[all-commits] [llvm/llvm-project] af8ebf: [NVPTX] Allow the ctor/dtor lowering pass to emit ...

Fri Nov 10 07:33:43 PST 2023

  Branch: refs/heads/main
  Home:   https://github.com/llvm/llvm-project
  Commit: af8ebfdcd9d633572ea25eb12407eb92c18e563a
      https://github.com/llvm/llvm-project/commit/af8ebfdcd9d633572ea25eb12407eb92c18e563a
  Author: Joseph Huber <jhuber6 at vols.utk.edu>
  Date:   2023-11-10 (Fri, 10 Nov 2023)

  Changed paths:
    M llvm/lib/Target/NVPTX/NVPTXCtorDtorLowering.cpp
    M llvm/test/CodeGen/NVPTX/lower-ctor-dtor.ll

  Log Message:
  -----------
  [NVPTX] Allow the ctor/dtor lowering pass to emit kernels (#71549)

Summary:
This pass emits the new "nvptx$device$init" and "nvptx$device$fini"
kernels that are callable by the device. This intends to mimic the
method of lowering for AMDGPU where we emit `amdgcn.device.init` and
`amdgcn.device.fini` respectively. These kernels simply iterate a symbol
called `__init_array_start/stop` and `__fini_array_start/stop`.
Normally, the linker provides these symbols automatically. In the AMDGPU
case we only need call the kernel and we call the ctors / dtors.
However, for NVPTX we require the user initializes these variables to
the associated globals that we already emit as a part of this pass.

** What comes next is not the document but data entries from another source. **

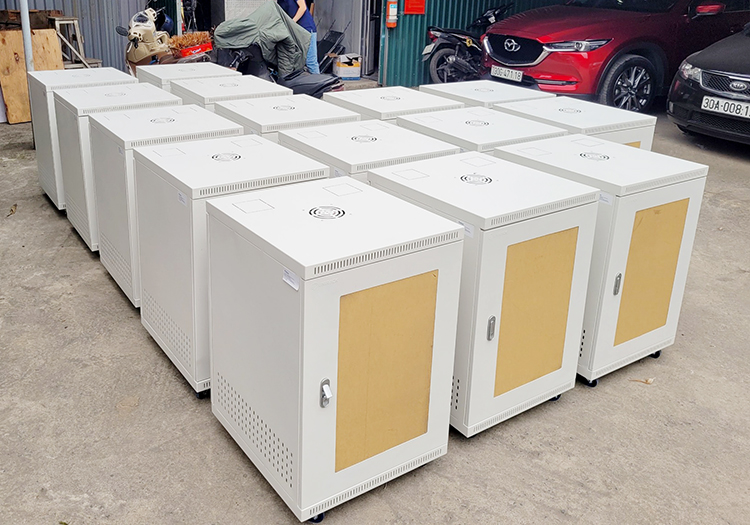 Tủ rack 15U D600 Mika UNR-N15UD600-MK hãng Unirack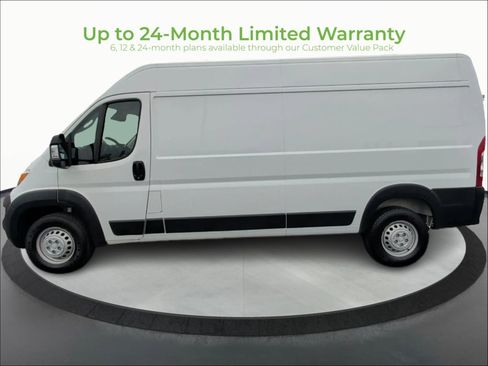 Used 2024 RAM ProMaster 2500 w/ Convenience Group FWD image 4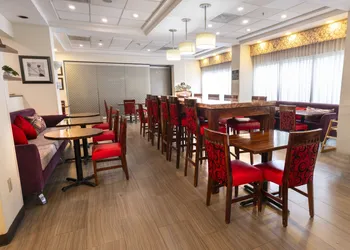 Hampton Inn by Hilton Guadalajara-Aeropuerto hotel thumbnail 5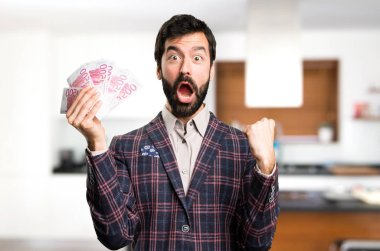 Sürpriz iyi giyimli adam evin içinde bir sürü para alarak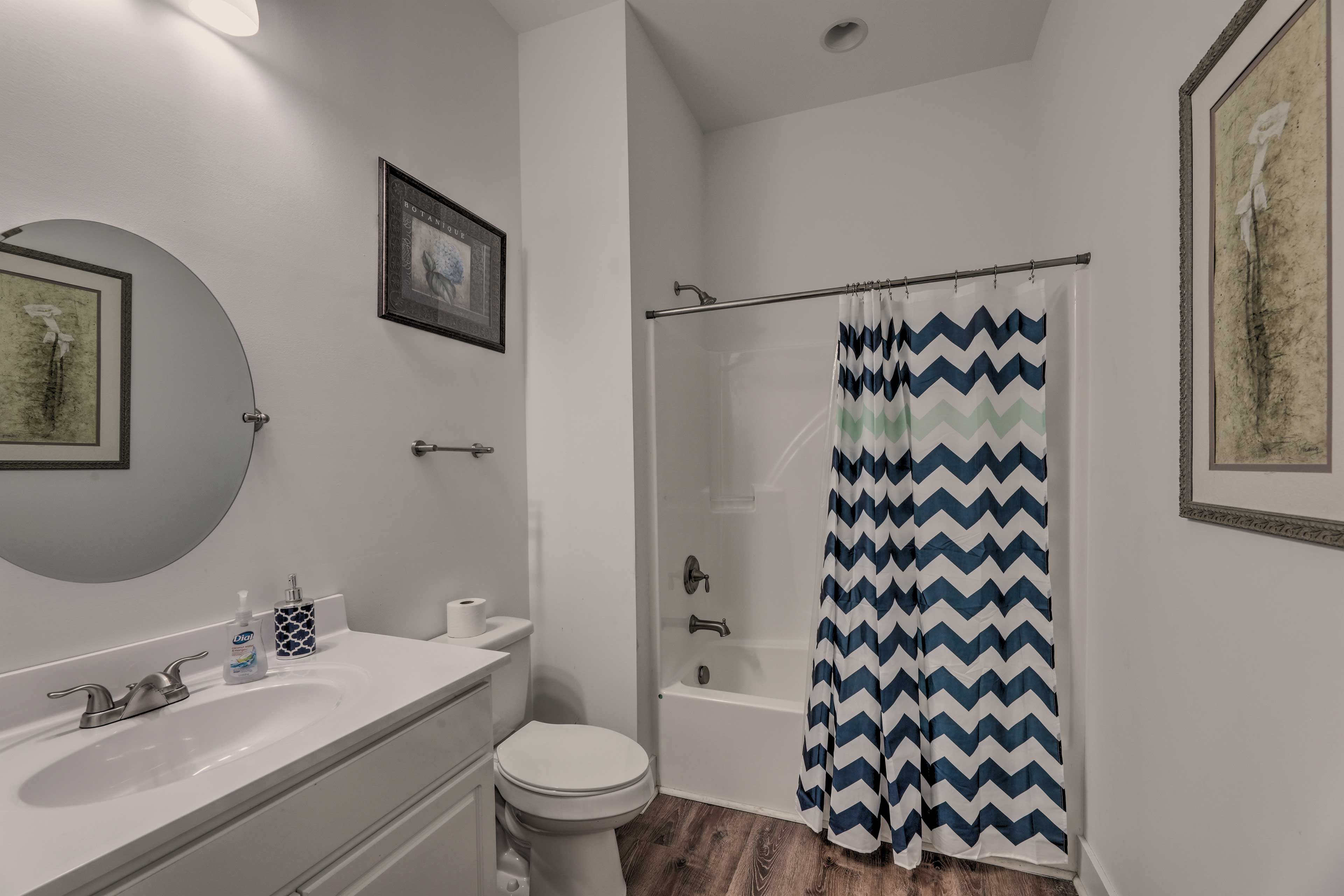 Full Bathroom | Main Level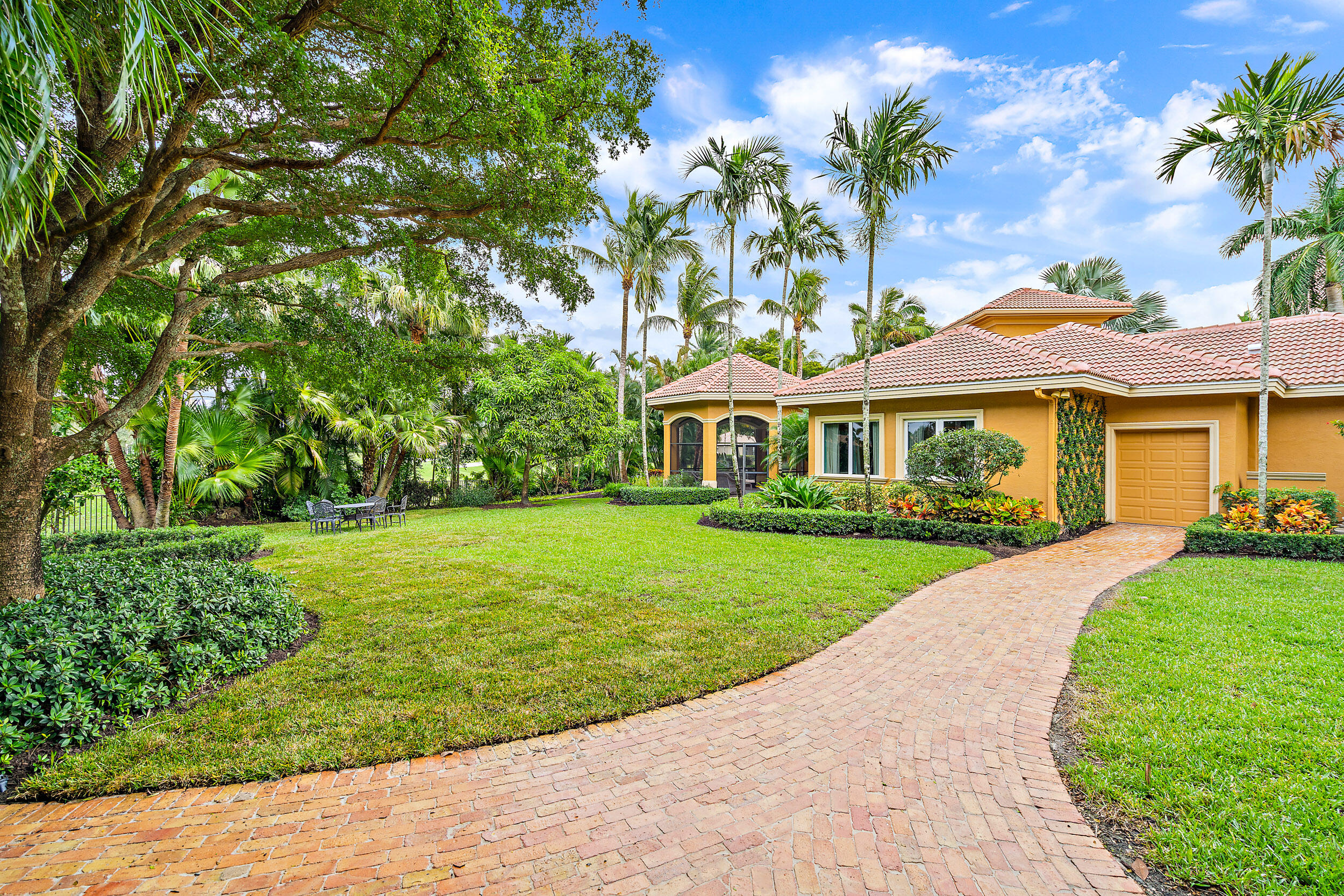 IBIS GOLF AND COUNTRY CLUB - Eagle's Isle - Residential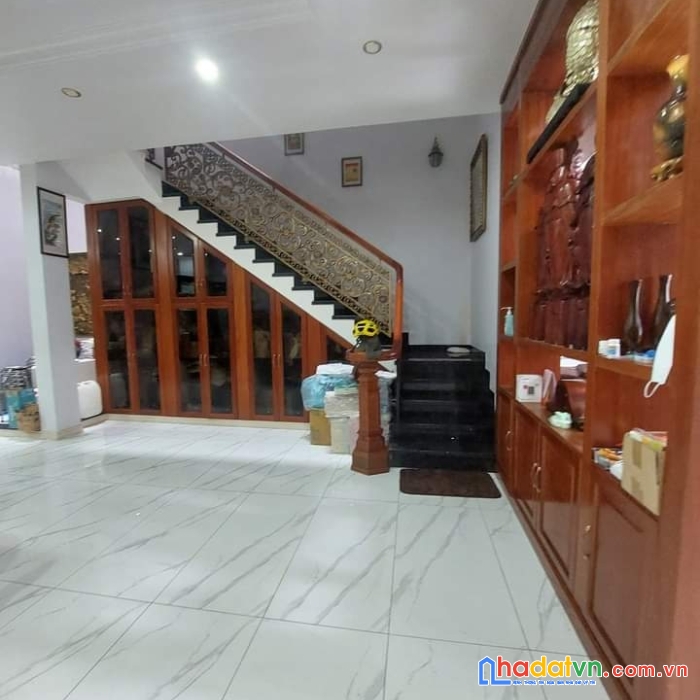 Bán nhà  hxh kinh doanh 4 tầng 182m2 ông ích khiêm quận 11 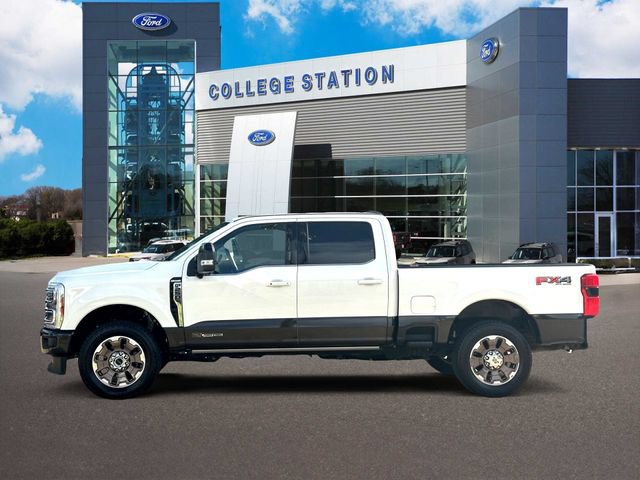 Certified 2024 Ford F250 King Ranch w/ FX4 Off-Road Package AWD/4WD image 4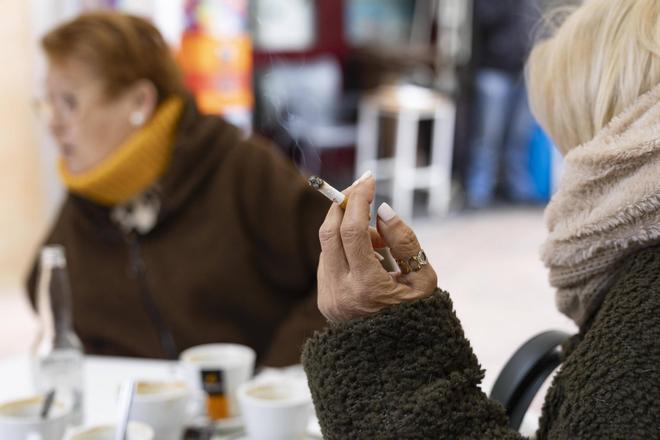 Un 80% de los fumadores que participan en los cribados de cáncer de pulmón descartan dejar el tabaco en caso de tener un resultado negativo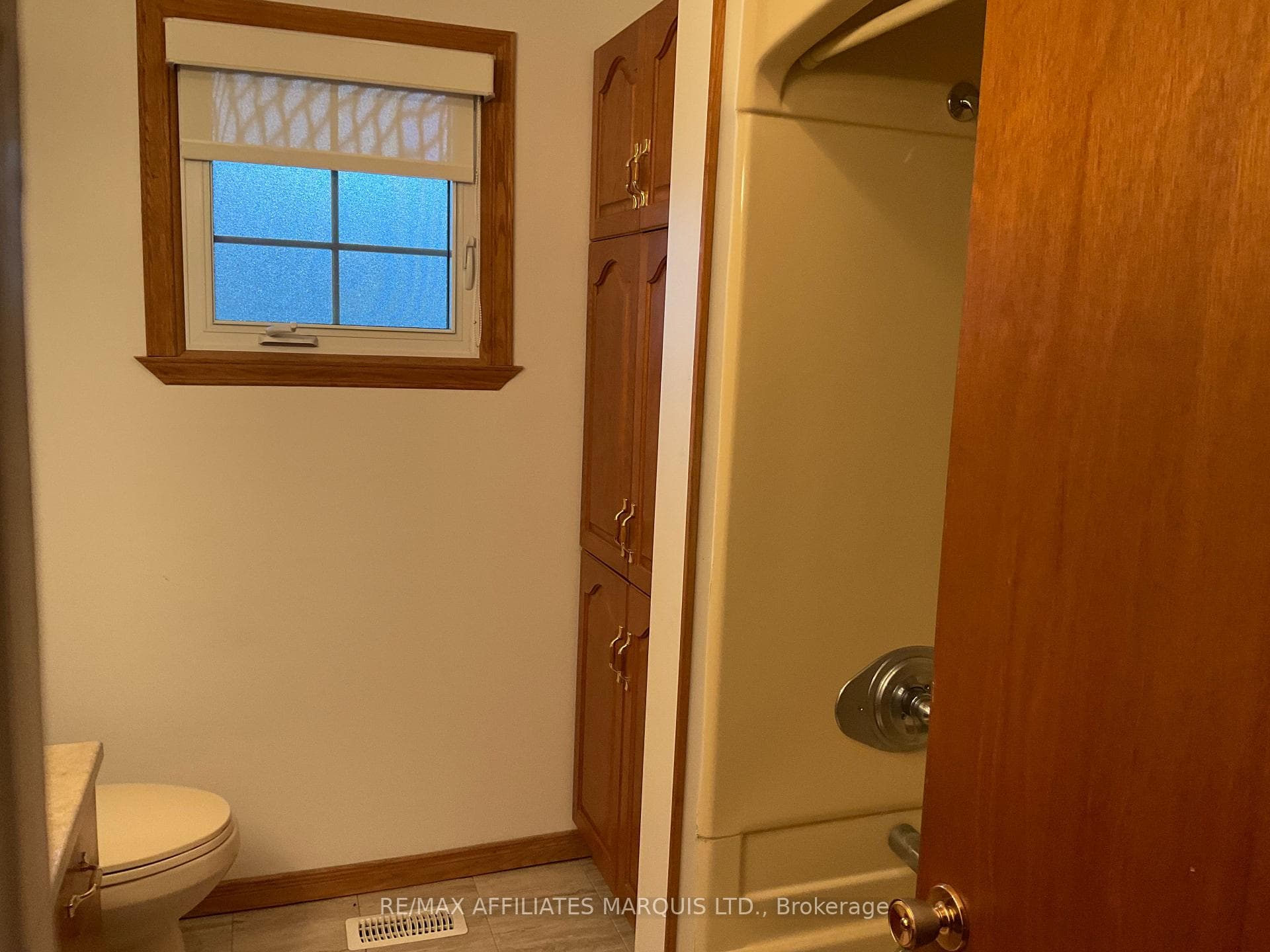 Main floor 4pc-bath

The motivation behind this change is to move away from OpenMP's handling
of ctors / dtors. I would much prefer that the backend / runtime handles
this. That allows us to handle ctors / dtors in a language agnostic way,

This approach requires that the runtime initializes the associated
globals. They are marked `weak` so we can emit this per-TU. The kernel
itself is `weak_odr` as it is copied exactly.

One downside is that any module containing these kernels elicitis the
"stack size cannot be statically determined warning" every time from
`nvlink` which is annoying but inconsequential for functionality. It
would be nice if there were a way to silence this warning however.